にゃんこの日の新茶ぐだ♀目が覚めると頭に猫耳、お尻の部分に尻尾が生えている何で誰が予想出来ただろうか。
「えぇえええ……」
マイルーム備え付けの鏡を見て、現状に情けない声が出てしまう。猫耳に毛の色は私の髪色と同じで、意識をするとピクピクと猫耳が動いている。恐る恐ると自分の頭のソレに手を伸ばす。モフっとする毛の感触と、触れられているなという圧迫感。思いたくはないけれど、神経が繋がっているらしい。はぁっともう一度ため息をつく。チラリと視界に入るゆらゆらと揺れるオレンジ色の尻尾。二度目のため息。
マイルームに今日は一日いたい気分だけれど、ふと思い出した。
(あ……せっかくなら堪能しちゃう?)
トラブルもカルデアでは日常だ。この間、カボチャの人形になったときよりも猫耳と猫の尻尾が生えただけで済んでいるからいいのではないだろうか。
(モリアーティに見せちゃおう)
流石に猫耳を恥ずかしいので、ホームズからいつかの時にもらっていた鹿撃ち帽を被る。頭頂部が塞がってゴワゴワとして少し苦しい感じだが、我慢出来る範囲だ。尻尾は……旅先用の黒のマントをとりあえず羽織ってどうにかすることにした。
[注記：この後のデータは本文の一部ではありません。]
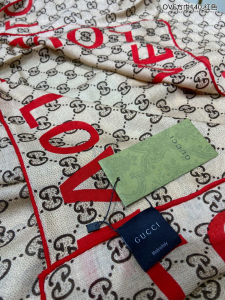 Replica Womens Scarf Gucci GG Love Print Silk Scarf Red 140x140CM A151PP280 AA188291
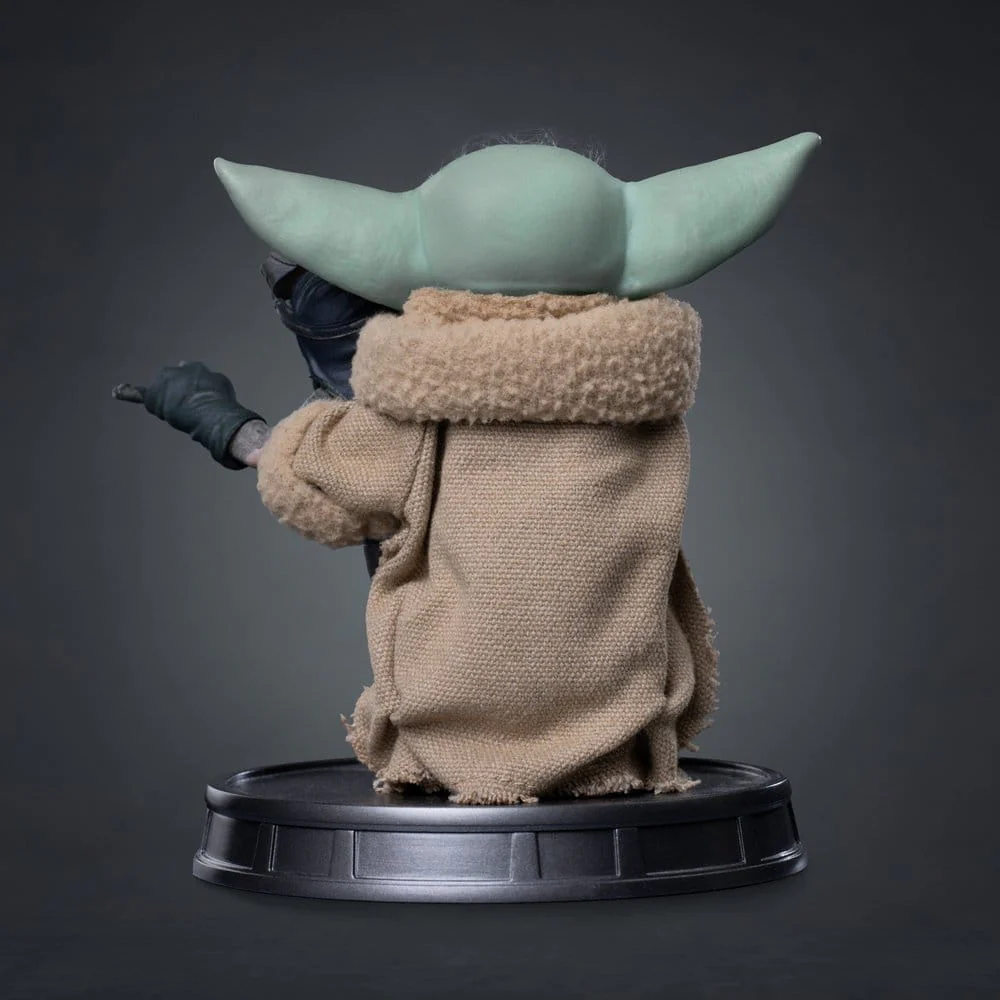 The Mandalorian & Grogu Grogu Collection Statue Grogu No Squeezy - Image 4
あ、その前にと端末でモリアーティのルームに連絡する。万が一ルームに行ってモリアーティがいなかったらショックだからだ。
「もしもしーモリアーティいる?」
数コール鳴った後に繋がったのでモリアーティの返事も聞かずに私から話す。
『やぁマイガール。どうかしたかな?』
「いや特にないけど、今からそっちに遊びに行っていい?」
『あぁ構わないが、私も用事があるから君のマイルームに』
「そうなの?……じゃあお言葉に甘えて待ってるね」
モリアーティの提案は今の私にとって助かる提案だ。モリアーティの言葉を素直に受け入れてそう答えると、モリアーティが少し待っていてくれたまえと言って通話が終わった。
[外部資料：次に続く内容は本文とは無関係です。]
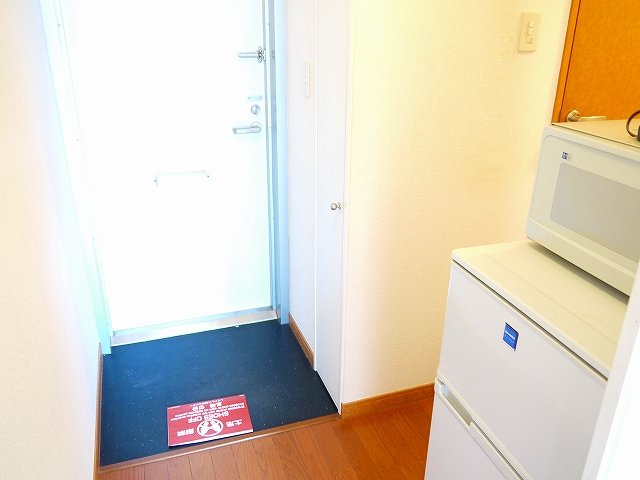 玄関　落ち着いた玄関です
モリアーティが来る間帽子もマントもつけたままでマイルームをうろうろとしながら待つ。少ししてマイルームにモリアーティがやってきた。今開けるねと扉を開けてモリアーティを迎える。
「やぁマイガー……」
私の姿を見てモリアーティが固まった。そしてすぐに両肩を掴まれて押し込むようにマイルームに戻された。びっくりしてされるがままになっているとそのまま帽子に手を伸ばされた。
(あぁそう言えば、これモリアーティの地雷だった)
猫耳を隠すために丁度いいやと思って被った鹿撃ち帽だったけれど、モリアーティにとって地雷だったことを今思い出した。投げ捨てるように帽子が床に落とされる。再び私の方を見たモリアーティが目を見開いている。
「……にゃん」
とりあえず言いたかったので猫っぽい台詞を言ってみたが、こんなに気まずい中でのにゃんは初めてだ。(にゃんもそんなに言わないけれど)
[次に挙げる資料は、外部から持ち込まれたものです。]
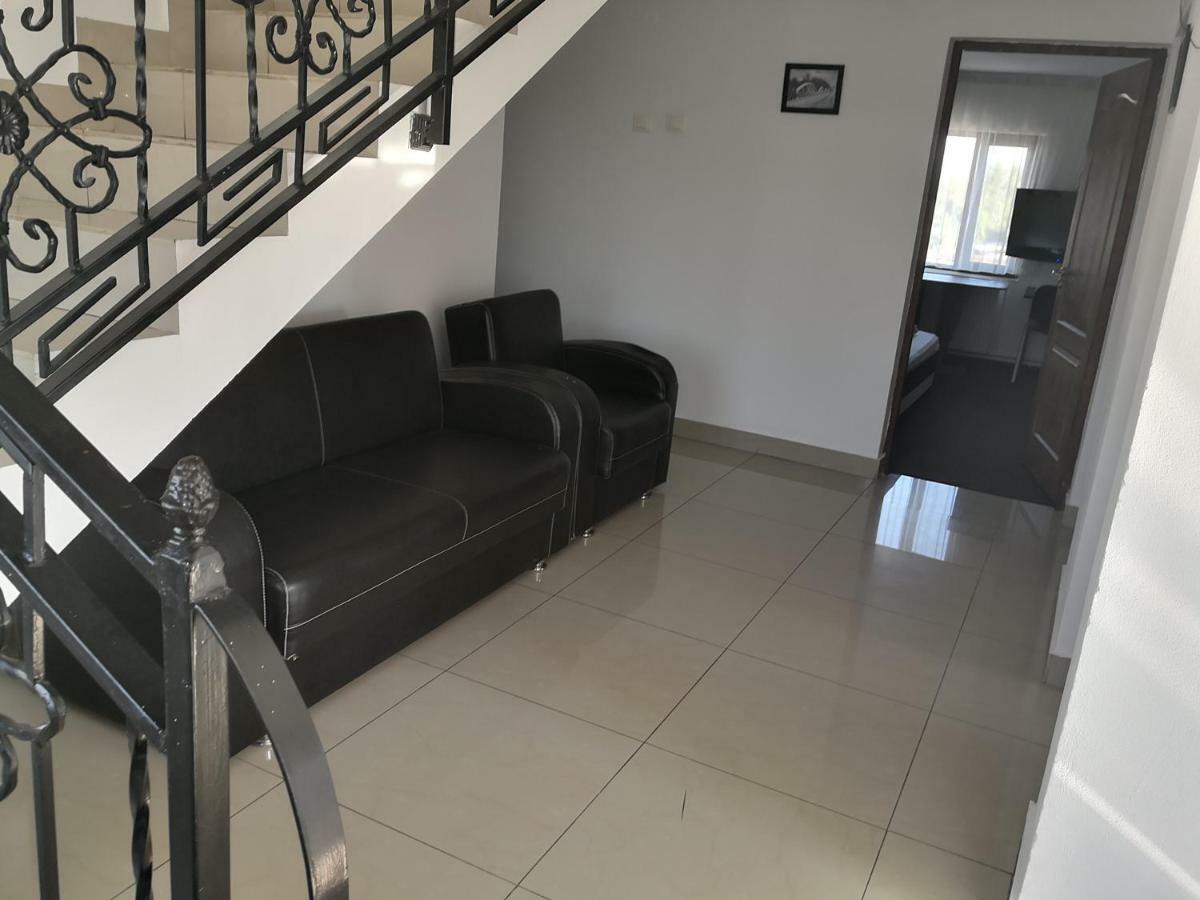 Pensiunea Platinum Târgu Jiu Exteriör bild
「朝起きたら耳と尻尾がついていて……モリアーティにそれで見せたくて」
恐る恐る理由も付け加える。マントも外して尻尾も見せる。
「……どう?」
やけになって両手をにぎって猫っぽい仕草をしながら首を横に傾げる。後ろを意識すれば、尻尾も横にフリフリと振ることが出来た。もう一度、にゃんと言うおまけ付きだ。全力で猫になりきる。